AI tools are secretly training on real images of children

News7f June 10, 2024

0 113 2 minutes read

AI tools are secretly training on real images of children

More than 170 images and personal information of children from Brazil were collected by the open source data set without their knowledge or consent, and used to train AIstatement one new report from Human Rights Watch released Monday.

According to the report, the images were pulled from content posted as recently as 2023 and as far back as the mid-1990s, long before any Internet user could have predicted that their content had can be used to train AI. Human Rights Watch claims that these children’s personal information, along with links to their photos, were included in LAION-5B, a dataset that is a popular source of training data for AI startups.

“Their privacy is violated from the start when their photos are collected and scanned into these data sets. These AI tools are then trained on this data and can thus create realistic images of children,” said Hye Jung Han, technology and children’s rights researcher at the Watch Foundation Human rights and the researcher who found these images, said. “The technology is developed in such a way that any child who has any photo or video of himself online can be at risk because any malicious actor can take that photo and then that use these tools to manipulate them the way they want.”

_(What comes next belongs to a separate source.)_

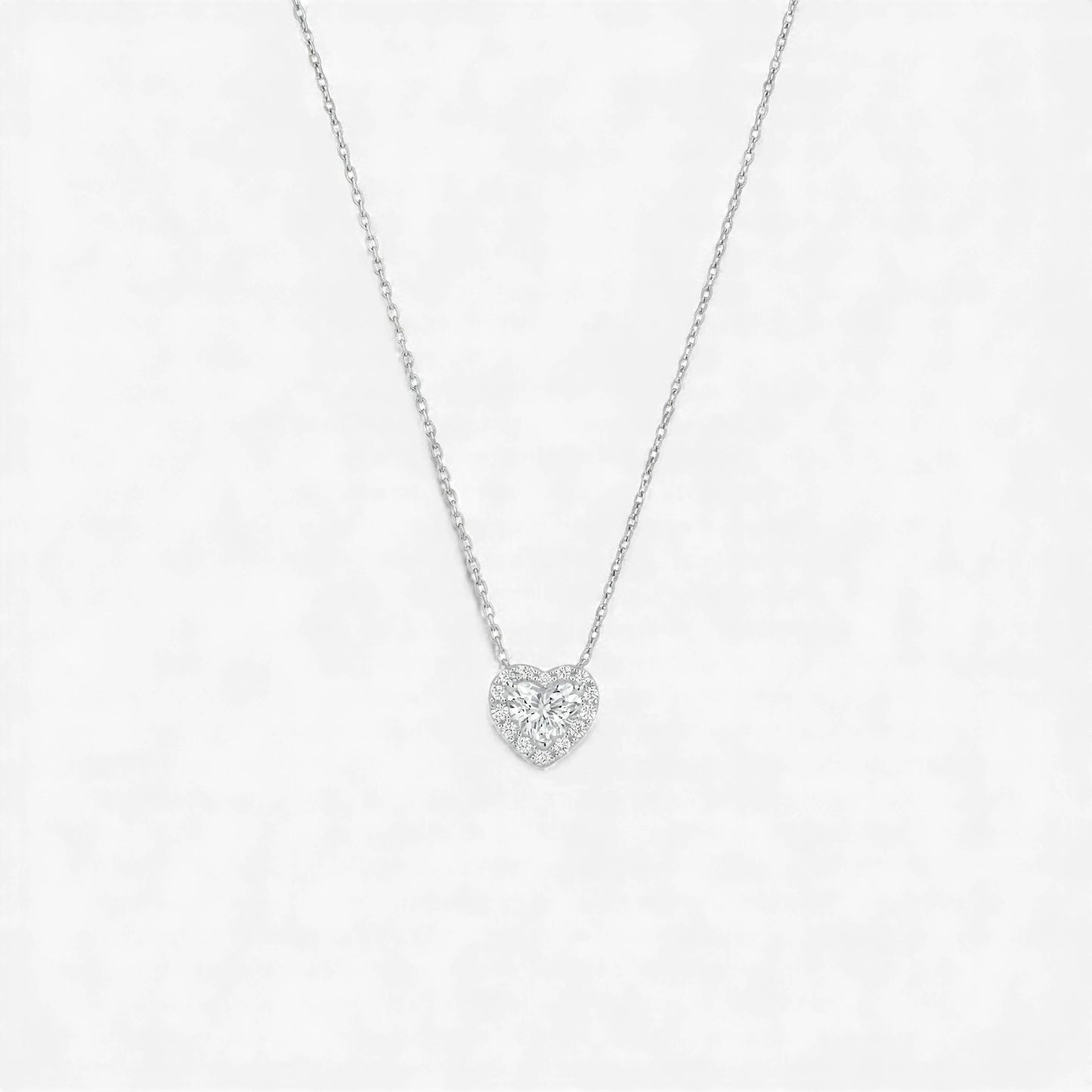 Heart-shaped diamond necklace on a light gray background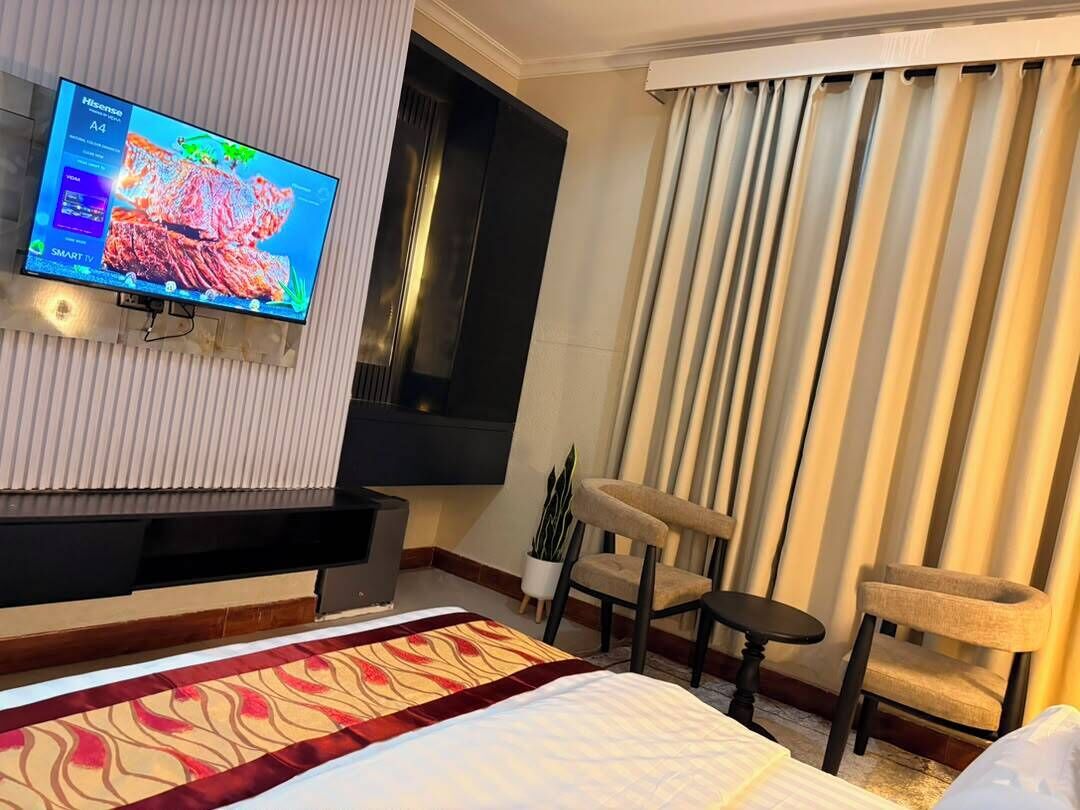 A hotel room with a bed, a flat-screen TV mounted on the wall, a window with curtains, and a small table with a chair.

LAION-5B is based on Common Crawl—a data warehouse created by crawling the web and made available to researchers—and has been used to train several AI models, including including Stability AI’s Stable Diffusion imaging engine. According to the website of the German non-profit organization LAION, the dataset is openly accessible and currently includes more than 5.85 billion image and caption pairs.

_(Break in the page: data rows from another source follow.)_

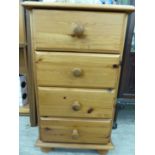 A modern waxed pine four drawer bedside cabinet,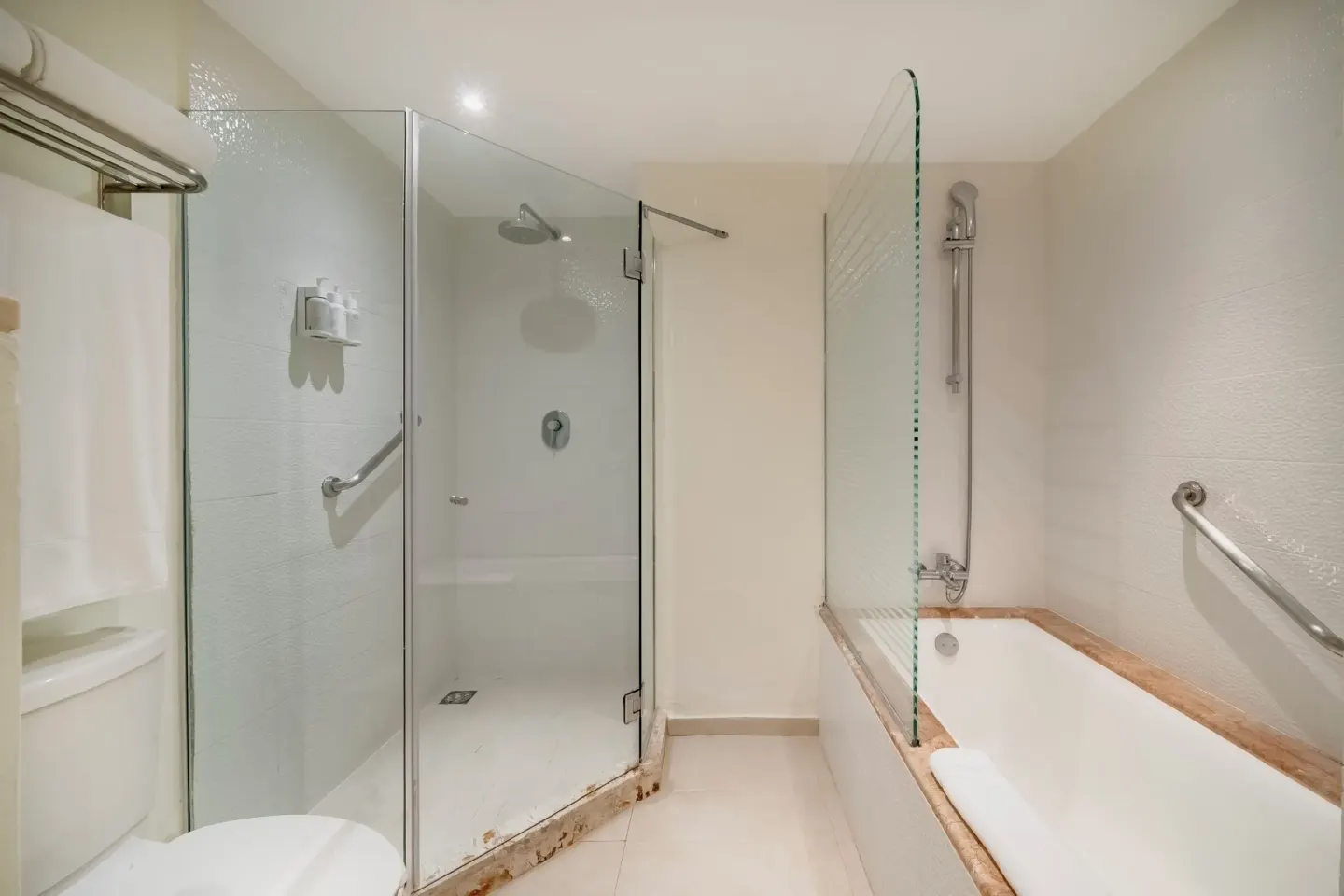 Bathroom with glass shower, bathtub, towels, and grab bars at Iberostar Selection Cancún.
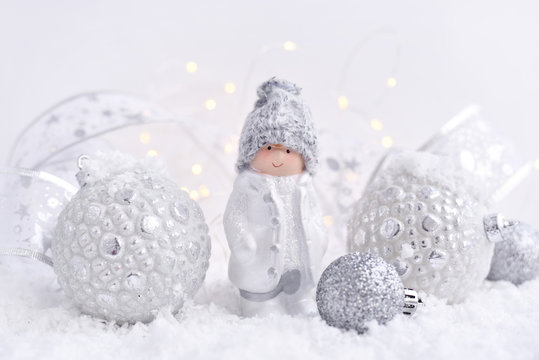 Christmas composition with little figure boy and festive decorations оn the snow. Christmas or New Year greeting card.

The images of children the researchers found came from moms’ blogs and other personal, maternity or parenting blogs, as well as stills from YouTube videos with small, seemingly small number of views. as uploaded to share with family and friends.

“Just looking at the context in which they are posted, they can expect and have some degree of privacy,” Hye said. “Most of these images cannot be found online through a reverse image search.”

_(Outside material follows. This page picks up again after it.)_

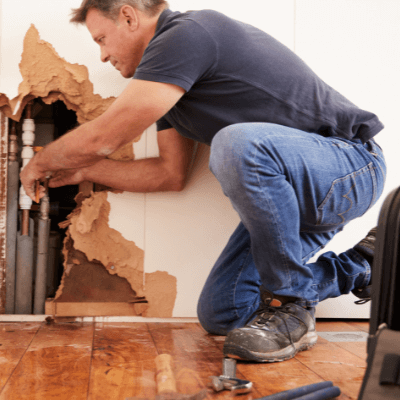 Plumber fixing a burst water pipe in the wall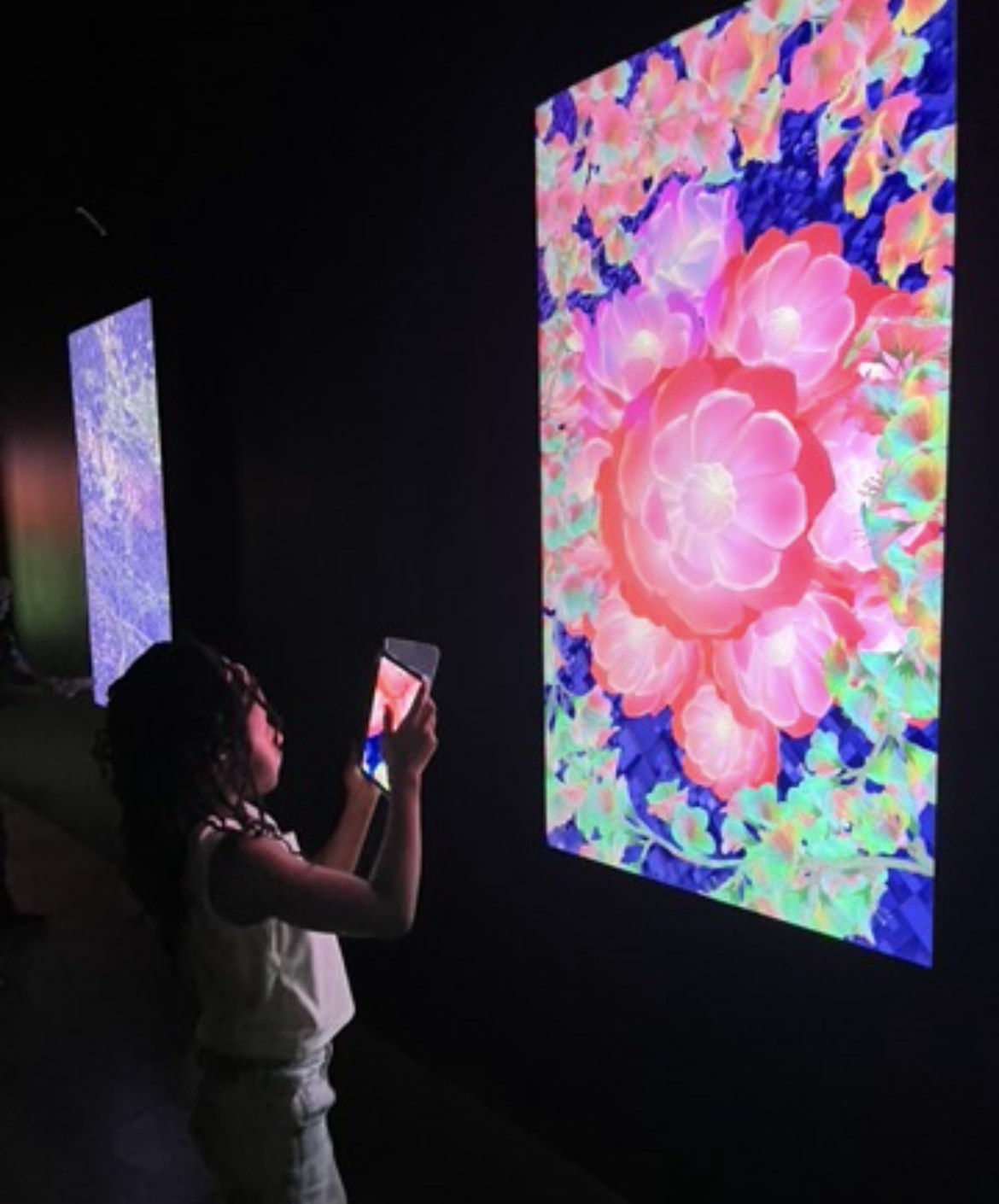 A student photographing a glowing digital art installation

LAION spokesman Nate Tyler said the organization took action. “LAION-5B was taken down after a Stanford report found links in the dataset pointing to illegal content on the public website,” he said. Protection, Stanford and Human Rights Watch to remove all known references to illegal content.”

of YouTube terms of service shaving is not allowed except in certain cases; These cases appear to violate those policies. “We have made clear that unauthorized scraping of YouTube content is a violation of our Terms of Service, and we continue to take action against this type of abuse,” said YouTube spokesman Jack Maon. .

In December, researchers at Stanford University have found AI training data collected by LAION-5B contained child sexual abuse material. The problem of deepfakes is apparently growing even among students in US schools where they are being used Bullying classmates, especially girls. Hye worries that, in addition to using photos of children to create child sexual abuse content, the database could reveal potentially sensitive information, such as locations or medical data . In 2022, an artist from the United States found his own image in the LAION datasetand realized it was from her personal medical records.